» ASSIGNED TASK
Produce a word-for-word copy of the line that contains "Alt view image" and each line after it through the end of the material, omitting pictures and all other lines.

» DATA IN THIS EXERCISE
Segment Open

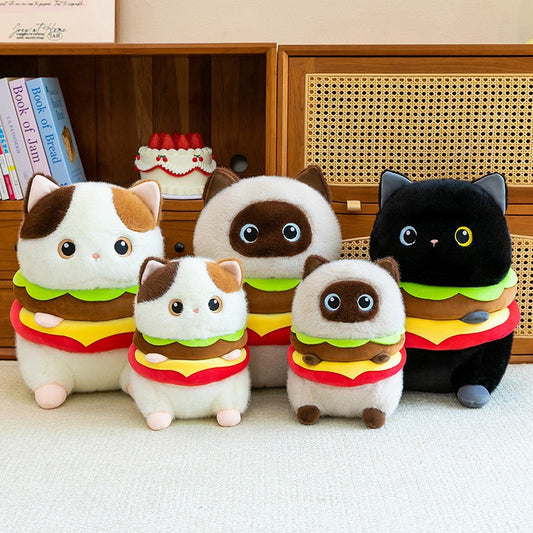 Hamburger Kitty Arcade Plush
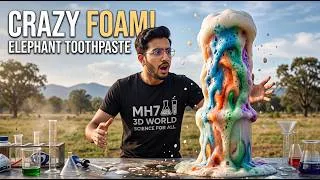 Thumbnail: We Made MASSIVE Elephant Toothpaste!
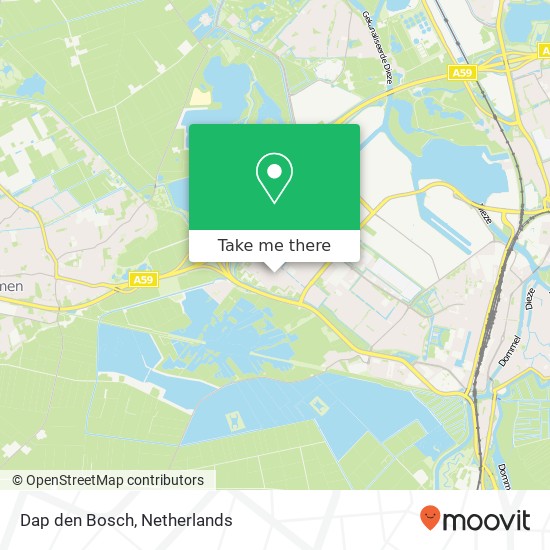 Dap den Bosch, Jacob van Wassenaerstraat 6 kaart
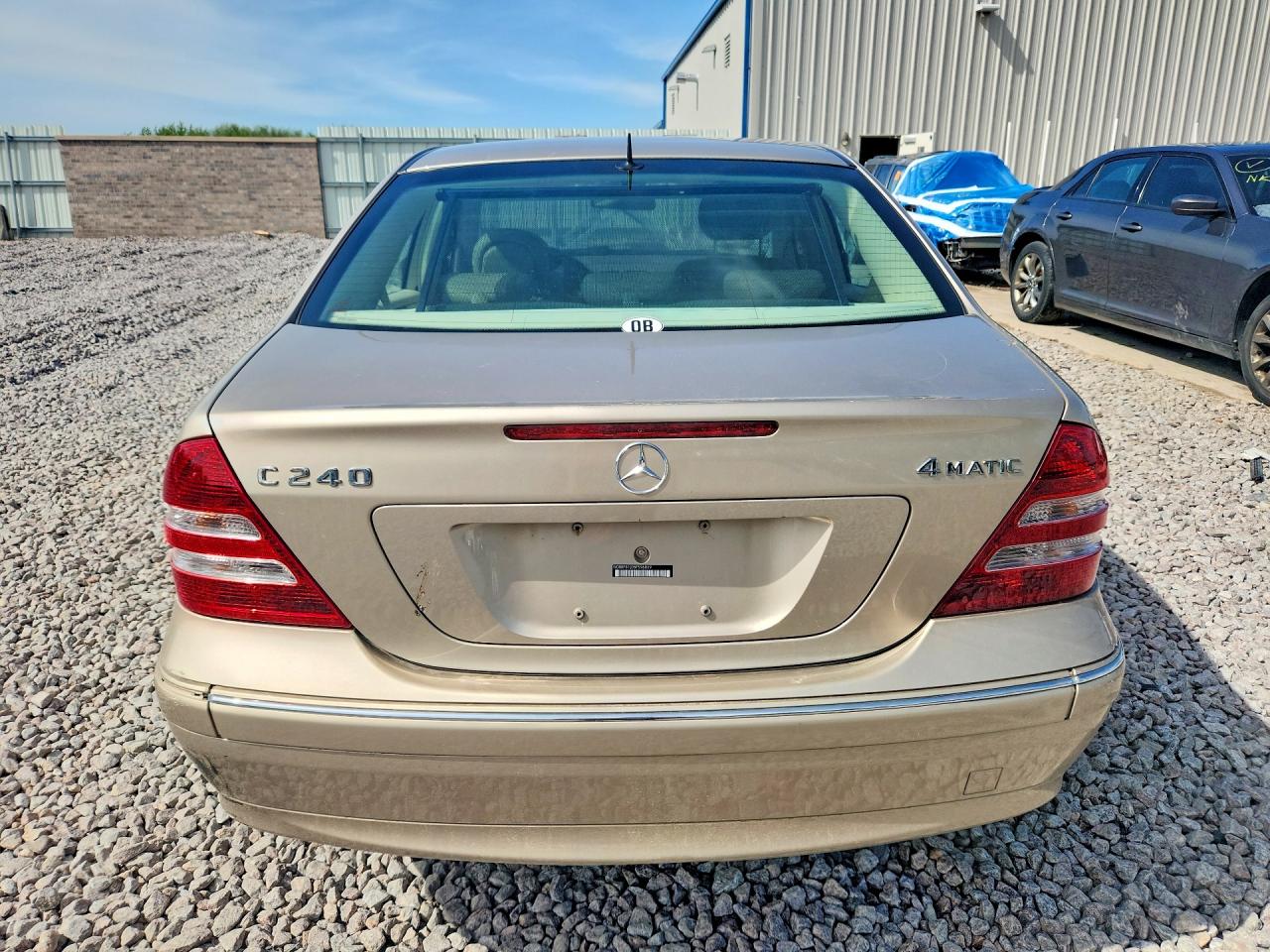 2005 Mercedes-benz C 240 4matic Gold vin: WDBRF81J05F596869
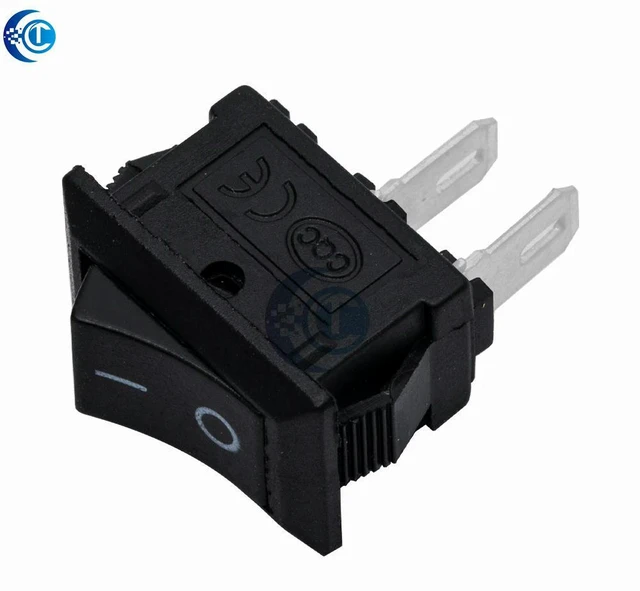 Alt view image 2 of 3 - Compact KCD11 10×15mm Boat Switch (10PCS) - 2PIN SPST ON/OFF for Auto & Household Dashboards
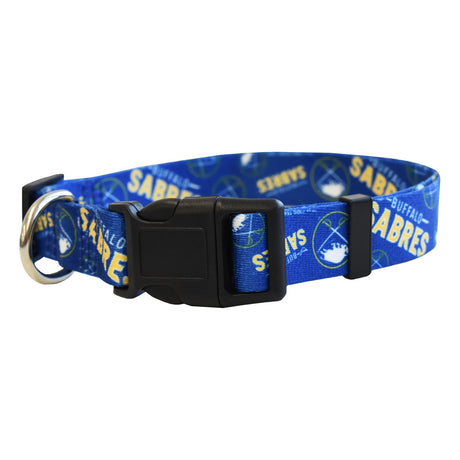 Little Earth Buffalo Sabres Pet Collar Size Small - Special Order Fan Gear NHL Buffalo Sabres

Segment Closed

» OUTPUT OF THE EXERCISE
 Alt view image 2 of 3 - Compact KCD11 10×15mm Boat Switch (10PCS) - 2PIN SPST ON/OFF for Auto & Household Dashboards
 Little Earth Buffalo Sabres Pet Collar Size Small - Special Order Fan Gear NHL Buffalo Sabres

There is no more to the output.